Saber aguardar e esperar no atual contexto de sofrimento que a todos nos toca torna-se assim fundamental para estarmos prontos quando a porta se abrir. Não deixa de ser interessante o significado de uma porta que só se abre pelo lado de fora. Ou seja, a novidade é nos trazida e concedida. Cabe-nos tão só acolhê-la. Verdadeiramente a relação de Deus com toda a humanidade na qual nos incluímos sustenta-se na graça de Deus que vem a nós por Amor. Assim foi e é cada Natal que celebramos. Nada depende de nós e no mistério da noite a luz de Belém revela a presença de Deus entre nós. A porta subitamente abre-se …… Neste sentido, Bonhoeffer escreveu: «a celebração do Advento é possível apenas àqueles que se assumem pobres e imperfeitos, e que buscam algo grandioso que há de vir».
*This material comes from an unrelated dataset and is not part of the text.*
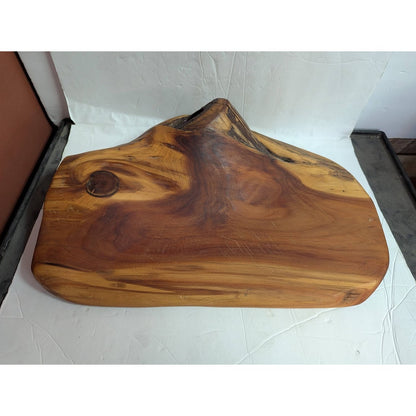 Handmade two tone wood Charcuterie Cheese Serving Board Vase Candle Hold 17"x12"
No Salmo 90 há pouco recitado elevamos a Deus uma prece: «Ensina-nos a compreender a brevidade da nossa vida, de modo alcançarmos a sabedoria». Também no mesmo Salmo e para acentuar a brevidade e o mistério da vida o salmista refere: «mil anos são para ti como o dia de ontem que passou, como a vigília da noite». Na sabedoria presente nesta oração somos confrontados com a necessidade de assumir cada dia com intensidade, buscando o essencial que sempre se nos oferece, seja em contexto de liberdade ou não. Ou seja, assumir a realidade presente não deixando de esperar as realidades futuras e definitivas que Deus desde já nos preparou. Para Bonhoeffer e durante o Advento, aprendemos a viver com estas duas realidades concorrentes entre si : já fomos salvos e libertos e no entanto a nossa libertação definitiva ainda está para vir.
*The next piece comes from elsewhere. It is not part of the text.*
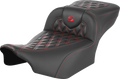 SADDLEMEN Roadsofa™ Extended Reach Seat - without Backrest - Lattice Stitch - Red Stitch - FLTR/FLHX '23-'24 823-07-20704 — image 1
O Tempo do Advento é, pois, este tempo de Vigília que quando bem assumida nos prepara desde já para a abertura de tudo aquilo que em nós tem que ser libertado.
Termino com as palavras do irmão François de Taizé : «Dietrich Bonhoeffer viveu com a certeza de que Cristo está realmente próximo, em todas as situações, mesmo as mais difíceis. Dizia ele: «Tu estás perto, Senhor, todos os teus mandamentos são verdadeiros. Podemos acreditar que todos os teus mandamentos são não apenas verdadeiros, mas dignos da nossa total confiança.»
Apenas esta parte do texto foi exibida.